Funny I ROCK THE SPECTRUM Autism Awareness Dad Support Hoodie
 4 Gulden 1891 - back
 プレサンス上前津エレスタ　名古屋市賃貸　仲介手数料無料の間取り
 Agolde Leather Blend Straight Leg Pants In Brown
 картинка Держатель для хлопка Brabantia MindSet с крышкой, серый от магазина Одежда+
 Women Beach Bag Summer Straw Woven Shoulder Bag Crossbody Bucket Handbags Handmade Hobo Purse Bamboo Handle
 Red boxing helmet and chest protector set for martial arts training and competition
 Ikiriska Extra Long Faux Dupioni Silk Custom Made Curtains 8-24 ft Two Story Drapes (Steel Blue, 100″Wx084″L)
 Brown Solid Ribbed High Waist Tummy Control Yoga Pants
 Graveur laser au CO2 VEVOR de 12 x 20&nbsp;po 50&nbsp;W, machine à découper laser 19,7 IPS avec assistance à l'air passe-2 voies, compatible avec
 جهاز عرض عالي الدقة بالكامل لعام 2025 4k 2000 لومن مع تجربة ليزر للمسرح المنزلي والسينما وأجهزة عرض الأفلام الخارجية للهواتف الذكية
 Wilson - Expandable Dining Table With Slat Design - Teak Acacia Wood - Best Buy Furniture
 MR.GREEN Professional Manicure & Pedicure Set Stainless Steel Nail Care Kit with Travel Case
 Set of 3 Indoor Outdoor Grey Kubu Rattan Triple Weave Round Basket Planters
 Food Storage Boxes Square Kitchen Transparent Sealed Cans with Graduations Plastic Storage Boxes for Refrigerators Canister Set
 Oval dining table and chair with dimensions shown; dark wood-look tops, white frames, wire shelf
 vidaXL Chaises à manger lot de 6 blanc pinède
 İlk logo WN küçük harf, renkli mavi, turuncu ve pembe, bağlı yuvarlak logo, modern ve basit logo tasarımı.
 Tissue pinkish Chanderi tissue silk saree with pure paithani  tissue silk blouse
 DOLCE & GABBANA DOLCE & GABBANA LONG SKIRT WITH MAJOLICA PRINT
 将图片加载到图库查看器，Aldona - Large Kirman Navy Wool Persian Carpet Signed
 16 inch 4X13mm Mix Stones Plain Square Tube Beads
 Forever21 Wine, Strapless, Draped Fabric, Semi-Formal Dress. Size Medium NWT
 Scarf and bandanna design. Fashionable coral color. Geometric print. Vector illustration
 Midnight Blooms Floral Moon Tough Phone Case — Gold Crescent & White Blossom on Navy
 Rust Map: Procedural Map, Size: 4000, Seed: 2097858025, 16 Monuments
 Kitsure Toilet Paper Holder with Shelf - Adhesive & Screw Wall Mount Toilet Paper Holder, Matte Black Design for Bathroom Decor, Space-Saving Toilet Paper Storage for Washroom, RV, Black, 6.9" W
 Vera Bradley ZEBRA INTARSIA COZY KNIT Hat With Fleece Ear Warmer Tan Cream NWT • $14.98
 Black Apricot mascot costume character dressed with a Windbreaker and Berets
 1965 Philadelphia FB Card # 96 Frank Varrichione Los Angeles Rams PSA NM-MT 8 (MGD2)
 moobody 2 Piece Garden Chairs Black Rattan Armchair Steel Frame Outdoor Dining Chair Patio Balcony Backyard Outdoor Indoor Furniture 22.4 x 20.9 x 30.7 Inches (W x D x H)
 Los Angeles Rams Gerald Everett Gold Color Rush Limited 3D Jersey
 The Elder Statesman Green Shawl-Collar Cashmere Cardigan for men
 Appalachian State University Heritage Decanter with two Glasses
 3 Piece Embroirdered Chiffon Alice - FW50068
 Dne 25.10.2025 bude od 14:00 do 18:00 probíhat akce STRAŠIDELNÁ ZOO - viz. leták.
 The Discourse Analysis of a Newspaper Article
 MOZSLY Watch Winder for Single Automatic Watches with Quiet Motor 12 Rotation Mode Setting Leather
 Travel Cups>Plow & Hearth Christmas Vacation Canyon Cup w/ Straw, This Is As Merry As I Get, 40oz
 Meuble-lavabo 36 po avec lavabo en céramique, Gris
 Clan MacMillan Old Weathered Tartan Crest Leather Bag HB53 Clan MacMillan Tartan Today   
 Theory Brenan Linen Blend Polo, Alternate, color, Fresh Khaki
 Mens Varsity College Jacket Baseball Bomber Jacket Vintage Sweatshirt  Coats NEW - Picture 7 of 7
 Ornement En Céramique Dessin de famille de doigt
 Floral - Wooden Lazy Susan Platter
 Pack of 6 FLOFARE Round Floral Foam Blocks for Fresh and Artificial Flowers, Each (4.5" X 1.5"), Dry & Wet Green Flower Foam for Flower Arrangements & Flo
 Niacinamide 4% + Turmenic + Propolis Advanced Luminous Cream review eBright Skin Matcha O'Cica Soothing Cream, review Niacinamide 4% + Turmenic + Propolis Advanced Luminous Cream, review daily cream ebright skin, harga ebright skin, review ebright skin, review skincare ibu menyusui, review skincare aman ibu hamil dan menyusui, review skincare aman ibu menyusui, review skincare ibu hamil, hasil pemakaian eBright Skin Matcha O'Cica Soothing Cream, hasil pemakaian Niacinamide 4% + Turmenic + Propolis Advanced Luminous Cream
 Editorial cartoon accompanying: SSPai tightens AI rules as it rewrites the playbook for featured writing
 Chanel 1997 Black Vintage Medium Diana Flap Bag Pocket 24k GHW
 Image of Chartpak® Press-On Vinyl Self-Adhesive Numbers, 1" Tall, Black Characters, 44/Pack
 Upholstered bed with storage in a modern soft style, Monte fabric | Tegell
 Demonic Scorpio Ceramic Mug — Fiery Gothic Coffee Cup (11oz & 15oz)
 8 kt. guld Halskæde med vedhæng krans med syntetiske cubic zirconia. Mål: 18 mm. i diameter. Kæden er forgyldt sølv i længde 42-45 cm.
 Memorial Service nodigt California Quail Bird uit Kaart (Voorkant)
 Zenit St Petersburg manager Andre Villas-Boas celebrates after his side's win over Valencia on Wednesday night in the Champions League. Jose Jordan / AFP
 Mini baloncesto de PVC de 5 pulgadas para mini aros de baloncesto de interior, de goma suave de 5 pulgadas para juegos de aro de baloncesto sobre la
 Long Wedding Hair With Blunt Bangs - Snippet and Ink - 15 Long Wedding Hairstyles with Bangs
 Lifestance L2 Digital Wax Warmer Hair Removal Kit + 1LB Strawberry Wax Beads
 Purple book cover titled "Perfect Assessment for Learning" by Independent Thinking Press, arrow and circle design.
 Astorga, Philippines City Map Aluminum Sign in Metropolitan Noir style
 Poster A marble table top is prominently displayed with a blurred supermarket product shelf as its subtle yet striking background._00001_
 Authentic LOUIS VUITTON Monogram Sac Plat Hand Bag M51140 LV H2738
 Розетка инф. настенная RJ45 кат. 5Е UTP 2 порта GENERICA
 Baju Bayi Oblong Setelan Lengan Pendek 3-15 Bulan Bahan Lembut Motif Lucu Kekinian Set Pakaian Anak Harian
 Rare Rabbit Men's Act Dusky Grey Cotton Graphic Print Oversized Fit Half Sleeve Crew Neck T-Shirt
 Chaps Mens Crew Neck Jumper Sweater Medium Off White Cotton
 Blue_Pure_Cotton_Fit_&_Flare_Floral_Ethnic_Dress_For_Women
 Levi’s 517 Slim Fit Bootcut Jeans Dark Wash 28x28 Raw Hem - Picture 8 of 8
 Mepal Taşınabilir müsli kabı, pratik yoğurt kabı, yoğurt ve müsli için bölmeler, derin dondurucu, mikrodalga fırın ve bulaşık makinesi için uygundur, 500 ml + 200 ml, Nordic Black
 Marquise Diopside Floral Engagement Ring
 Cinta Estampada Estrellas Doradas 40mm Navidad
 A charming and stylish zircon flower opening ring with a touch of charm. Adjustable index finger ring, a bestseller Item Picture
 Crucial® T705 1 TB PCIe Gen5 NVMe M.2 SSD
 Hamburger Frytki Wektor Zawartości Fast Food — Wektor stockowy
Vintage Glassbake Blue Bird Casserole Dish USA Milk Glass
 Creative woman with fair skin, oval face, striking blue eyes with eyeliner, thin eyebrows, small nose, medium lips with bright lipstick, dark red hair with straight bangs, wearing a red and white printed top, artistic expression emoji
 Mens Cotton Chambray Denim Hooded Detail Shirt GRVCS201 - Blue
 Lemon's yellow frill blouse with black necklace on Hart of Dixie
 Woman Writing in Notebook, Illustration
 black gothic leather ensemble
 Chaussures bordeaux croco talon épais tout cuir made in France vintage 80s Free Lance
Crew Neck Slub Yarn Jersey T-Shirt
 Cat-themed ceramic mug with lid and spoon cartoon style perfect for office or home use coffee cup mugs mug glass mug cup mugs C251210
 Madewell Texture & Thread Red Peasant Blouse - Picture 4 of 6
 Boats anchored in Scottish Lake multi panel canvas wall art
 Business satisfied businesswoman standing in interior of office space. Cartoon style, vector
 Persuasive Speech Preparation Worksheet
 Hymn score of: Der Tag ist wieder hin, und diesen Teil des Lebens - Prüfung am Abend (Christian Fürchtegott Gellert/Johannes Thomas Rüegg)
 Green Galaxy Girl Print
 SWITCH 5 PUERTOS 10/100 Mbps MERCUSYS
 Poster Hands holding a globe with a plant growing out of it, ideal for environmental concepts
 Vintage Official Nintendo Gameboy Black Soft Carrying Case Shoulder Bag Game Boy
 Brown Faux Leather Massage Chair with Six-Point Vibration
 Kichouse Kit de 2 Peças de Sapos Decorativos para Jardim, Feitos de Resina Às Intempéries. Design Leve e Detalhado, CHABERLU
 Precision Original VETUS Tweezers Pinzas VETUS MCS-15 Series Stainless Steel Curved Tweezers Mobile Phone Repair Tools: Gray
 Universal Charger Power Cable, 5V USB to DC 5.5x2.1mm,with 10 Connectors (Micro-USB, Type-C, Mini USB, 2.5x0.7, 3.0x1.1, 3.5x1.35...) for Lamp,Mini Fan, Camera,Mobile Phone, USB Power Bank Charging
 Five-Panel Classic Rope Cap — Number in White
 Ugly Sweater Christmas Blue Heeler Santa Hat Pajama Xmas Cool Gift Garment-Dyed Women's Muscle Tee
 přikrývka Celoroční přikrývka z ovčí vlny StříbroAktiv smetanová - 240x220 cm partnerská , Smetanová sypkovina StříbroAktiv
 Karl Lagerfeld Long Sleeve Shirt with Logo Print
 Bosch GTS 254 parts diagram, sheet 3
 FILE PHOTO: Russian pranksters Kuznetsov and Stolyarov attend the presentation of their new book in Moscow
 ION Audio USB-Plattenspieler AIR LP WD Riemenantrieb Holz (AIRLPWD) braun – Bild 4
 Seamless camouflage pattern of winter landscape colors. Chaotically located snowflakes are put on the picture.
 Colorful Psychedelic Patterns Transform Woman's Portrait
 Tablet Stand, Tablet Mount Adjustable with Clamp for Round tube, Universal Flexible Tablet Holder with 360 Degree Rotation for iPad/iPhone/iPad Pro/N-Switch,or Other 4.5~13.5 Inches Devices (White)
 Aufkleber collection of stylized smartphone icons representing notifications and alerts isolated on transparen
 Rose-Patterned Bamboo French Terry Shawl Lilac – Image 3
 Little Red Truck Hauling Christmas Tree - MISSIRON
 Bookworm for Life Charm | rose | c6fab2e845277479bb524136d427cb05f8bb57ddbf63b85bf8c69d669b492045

==========

> [WORK INSTRUCTIONS] Your reply should hold all the lines from the listing above in which "Inches" appears.

> [EXERCISE OUTPUT]
 moobody 2 Piece Garden Chairs Black Rattan Armchair Steel Frame Outdoor Dining Chair Patio Balcony Backyard Outdoor Indoor Furniture 22.4 x 20.9 x 30.7 Inches (W x D x H)
 Tablet Stand, Tablet Mount Adjustable with Clamp for Round tube, Universal Flexible Tablet Holder with 360 Degree Rotation for iPad/iPhone/iPad Pro/N-Switch,or Other 4.5~13.5 Inches Devices (White)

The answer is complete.